Sul campo con “Non uno di troppo”, tra Campania e Calabria
A cura di Fiorella Ferrandino - Tesoriera di Save the DogsNell’ultima settimana di marzo 2026 ho partecipato a una missione nel Sud Italia nell’ambito del progetto “Non Uno di Troppo”.
È stata l’occasione per seguire da vicino le attività sul territorio, osservando in prima persona il lavoro dei partner a Castelvolturno, in Campania e a Rogliano, in Calabria.
Interventi di sterilizzazione in Campania
A Castel Volturno siamo stati accolti da Gabriella, responsabile del Rifugio del Cane San Francesco. La struttura è grande e articolata in diverse aree e il contributo dei volontari è fondamentale per garantire la gestione delle attività e il benessere degli animali ospitati.
Durante la nostra visita, nella sala operatoria del rifugio attrezzata proprio da Save the Dogs, si è tenuta una spayathon, una maratona di sterilizzazioni. I veterinari hanno coordinato gli interventi seguendo un protocollo rigoroso, sviluppato negli anni grazie alla formazione ricevuta dalla dr.ssa Dorothea Fritz. Si tratta di una tecnica mini-invasiva, pensata per ridurre il dolore post-operatorio.

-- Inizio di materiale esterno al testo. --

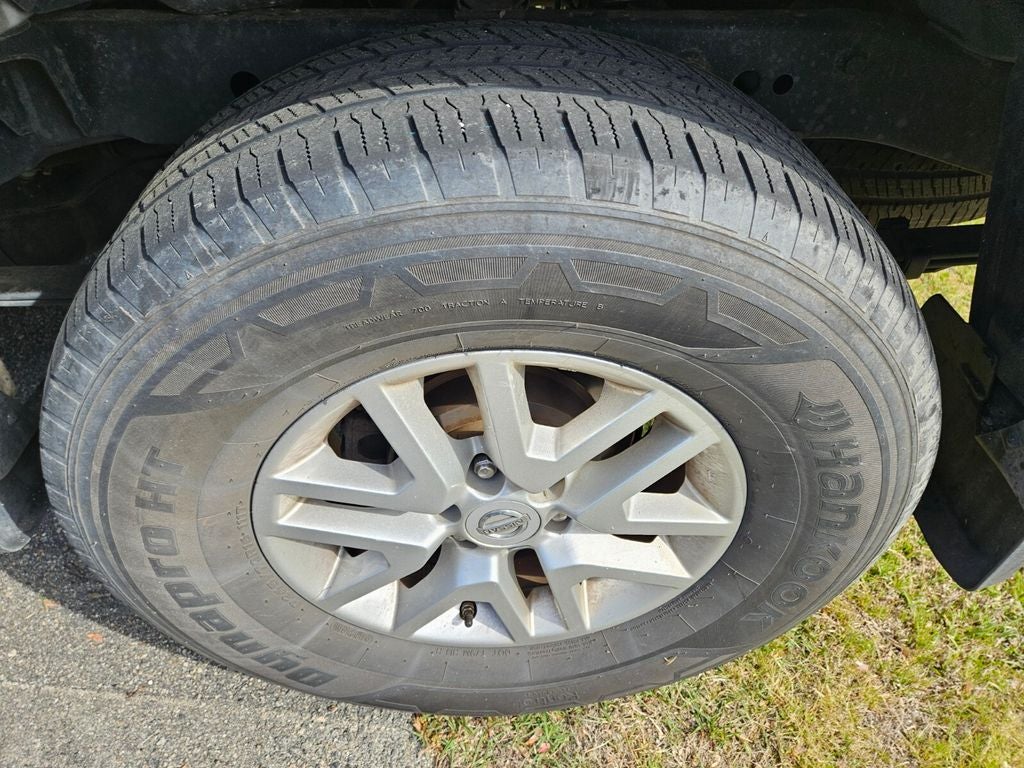 2019 Nissan Frontier SV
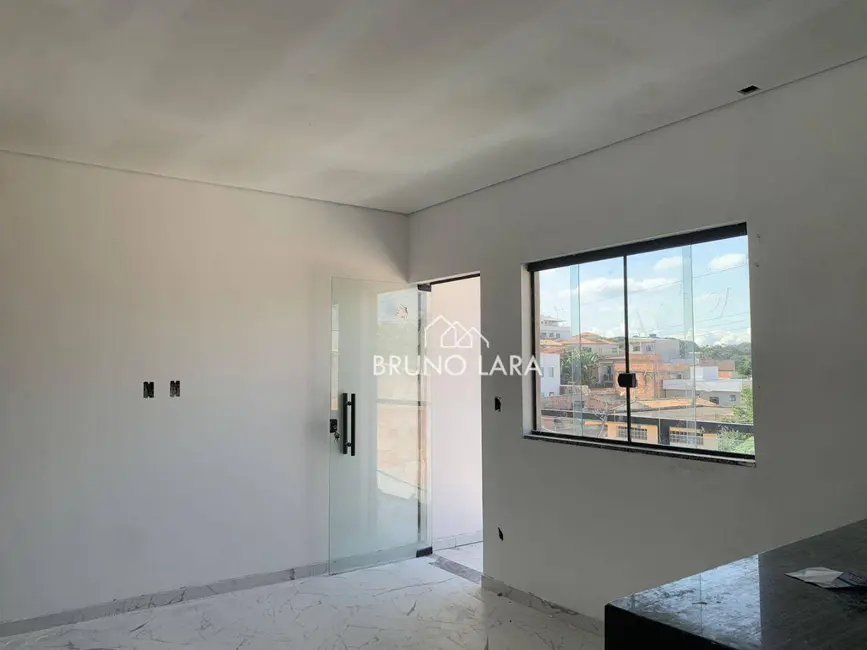 Casa com 3 quartos à venda, 180m2 em Residencial Lagoa, Betim - MG - imagem 5 Foto 5 de Casa com 3 quartos à venda, 180m2 em Residencial Lagoa, Betim - MG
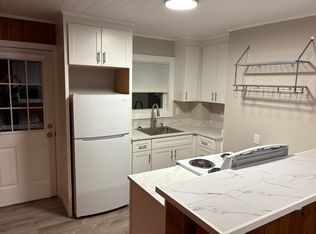 143 Seaside Ave #B, Saco, ME 04072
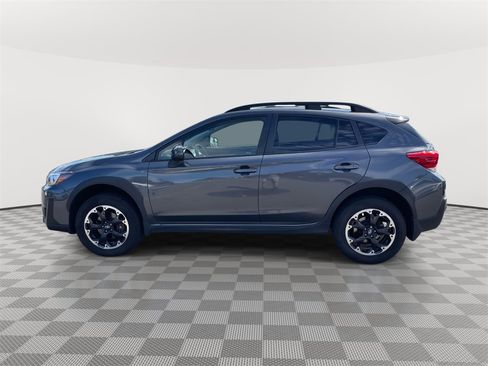 Used 2023 Subaru Crosstrek 2.0i Premium image 4
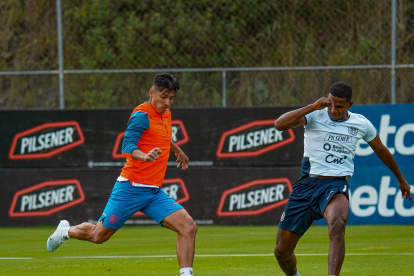 Alan Franco (i), volante de la Tricolor, es uno de los firmes candidatos para estar en la lista final para el Mundial de Qatar.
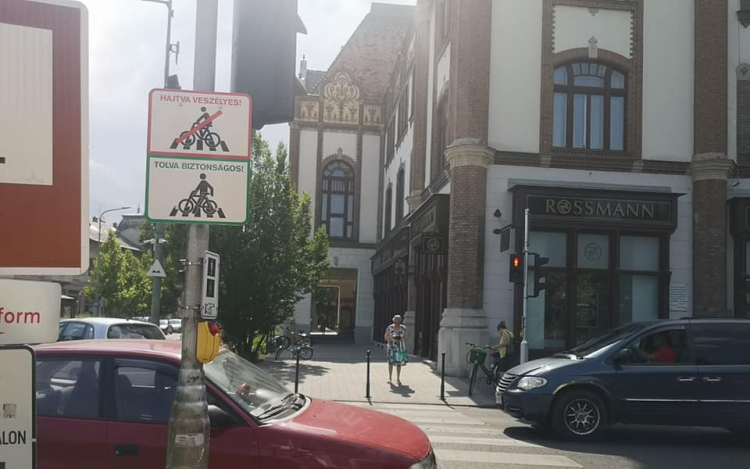 Hajtva veszélyes - tolva biztonságos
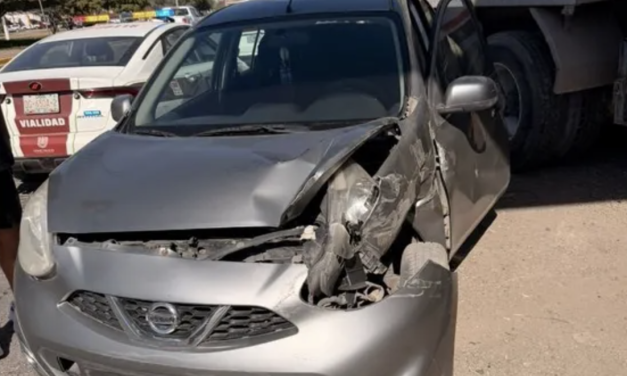 Joven conductora resulta lesionada tras chocar contra grúa en bulevar Ejército Mexicano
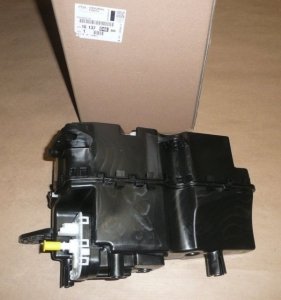 Réservoir d'additif de carburant d'origine PSA réservoir de carburant Citroën C3 09- |} , 1613704680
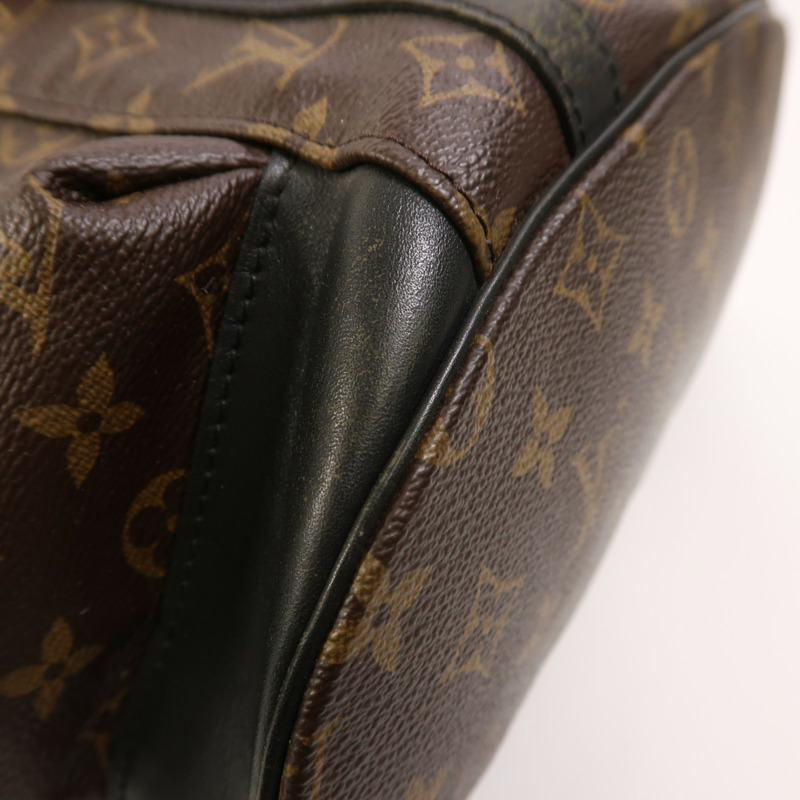 LOUIS VUITTON Monogram Macassar Christopher MM銀扣背包-9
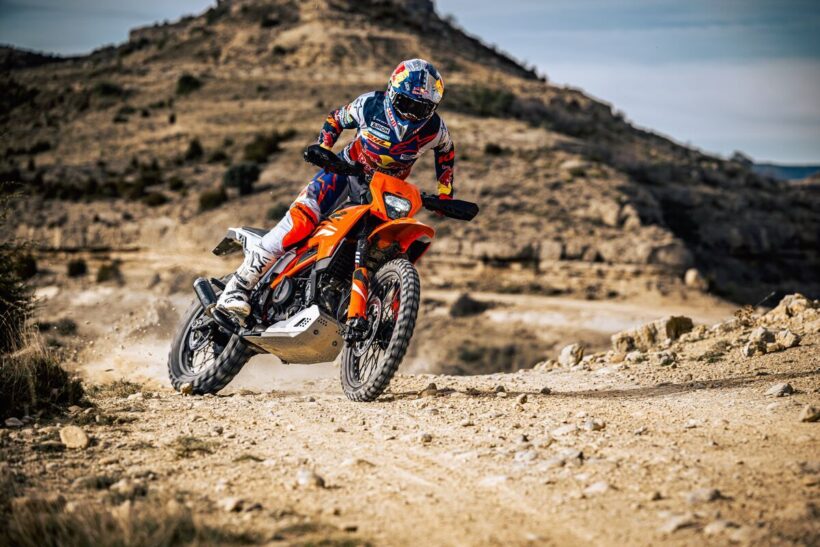 KTM 390シリーズにダートで遊べるモデルが追加！ENDURO R発売 | Motor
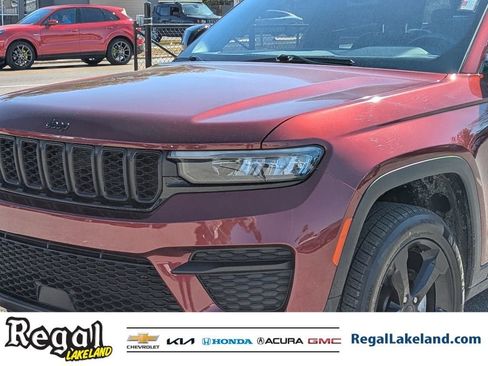 Used 2022 Jeep Grand Cherokee Altitude image 6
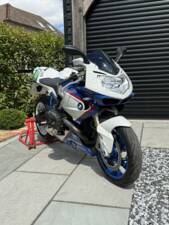 Image 3/10 of BMW HP2 Sport (2010)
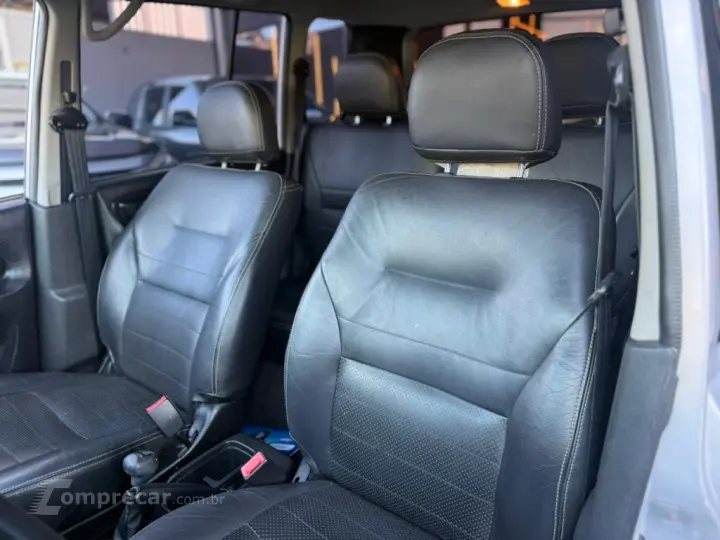 PAJERO TR4 2.0 4X4 16V 140CV FLEX 4P AUTOMÁTICO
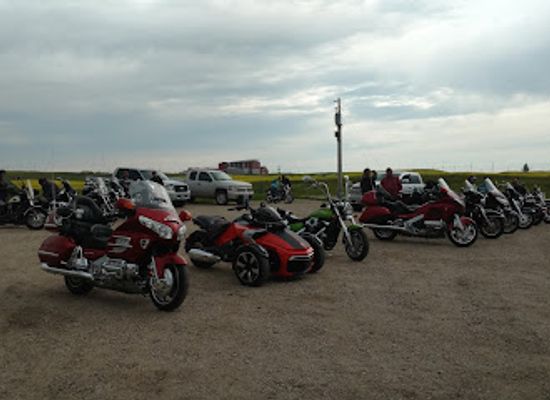 north-dakota/turtle-mountains/bar/bettys-crossroad-bar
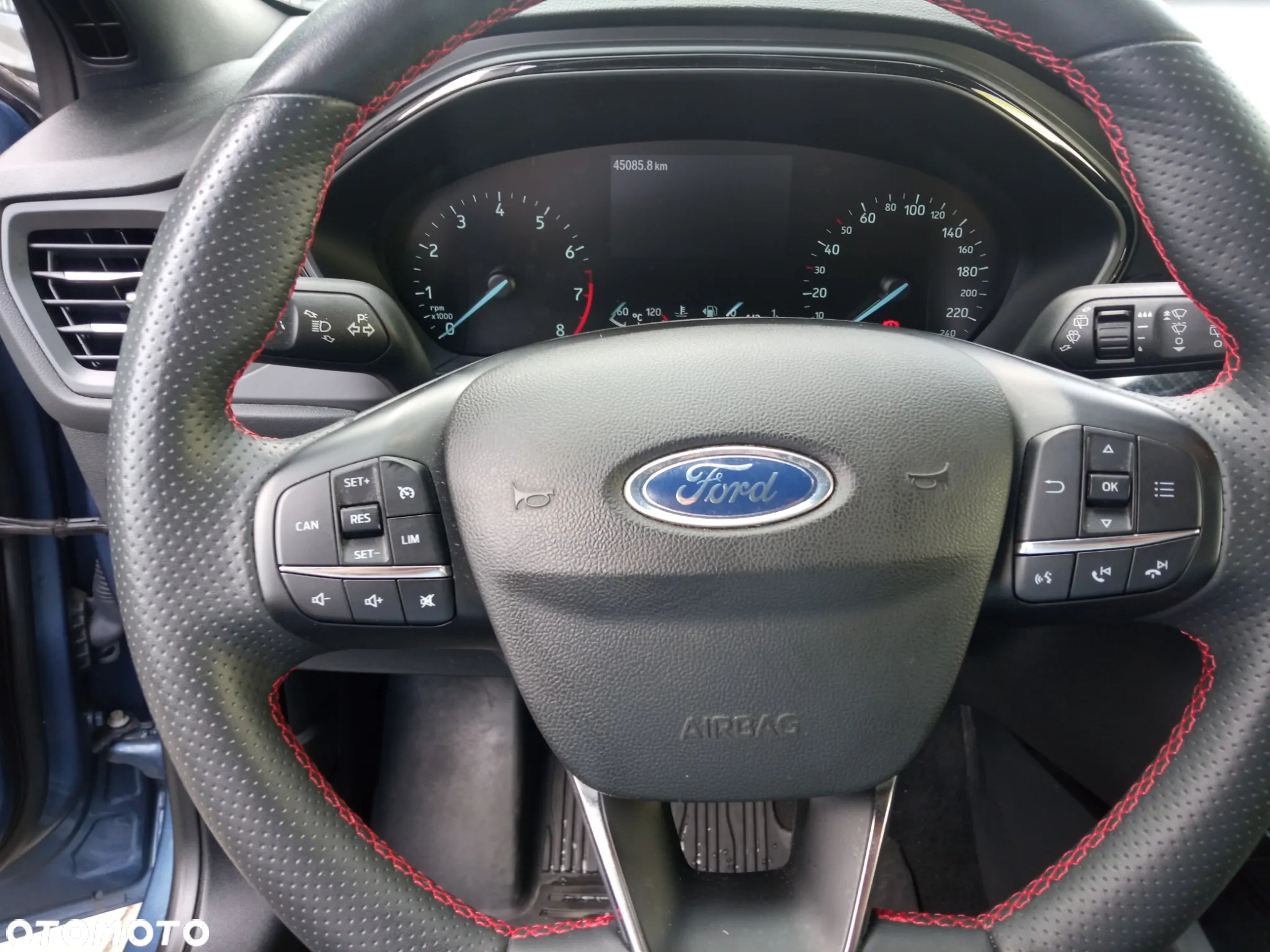 Ford Focus 1.0 EcoBoost ST-Line - 13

La sterilizzazione è il pilastro del progetto “Non Uno di Troppo” e della filosofia di Save the Dogs. È uno strumento concreto per ridurre il randagismo e migliorare la vita degli animali sul territorio, intervenendo alla radice del problema invece che solo sulle sue conseguenze, come avviene con la ricerca di una famiglia adottiva.
Microchip Day e attività sul territorio a Rogliano
Nei giorni successivi ci siamo spostate in Calabria, a Rogliano, in provincia di Cosenza, dove ha sede il piccolo rifugio casalingo di “Amici degli Animali FEF”, secondo partner del progetto “Non Uno di Troppo”.
Il momento centrale delle attività è stato il “Microchip Day”, una giornata dedicata alla registrazione degli animali domestici, con visite porta a porta. L’iniziativa ha permesso di sensibilizzare i cittadini sull’importanza del microchip come strumento fondamentale di identificazione, favorendo una gestione più responsabile degli animali e l’ingresso nella legalità.
In Calabria il randagismo canino e felino rappresenta ancora un grave problema sociale e accanto agli animali senza proprietario, si incontrano spesso cani legati a catena o confinati in spazi inadeguati.
Il rientro a Milano ha segnato la fine della missione, con la consapevolezza dei tanti passi avanti compiuti in questi anni dal progetto e di quelli ancora necessari per migliorare la situazione di questi territori pieni di sfide.
Dal 2019, il programma “Non Uno di Troppo” ha permesso di raggiungere numeri significativi, che raccontano un impatto concreto:
- 4.655 sterilizzazioni totali realizzate dall’avvio dell’intervento
- 3.037 interventi effettuati in Campania
- 1.618 interventi effettuati in Calabria
Ogni sterilizzazione significa migliaia di cuccioli in meno, destinati all’abbandono o ai canili lager.
Quest’anno “Non Uno di Troppo” può contare sulla collaborazione di Fondazione Squadra4Zampe, che ci permetterà di rafforzare l’intervento.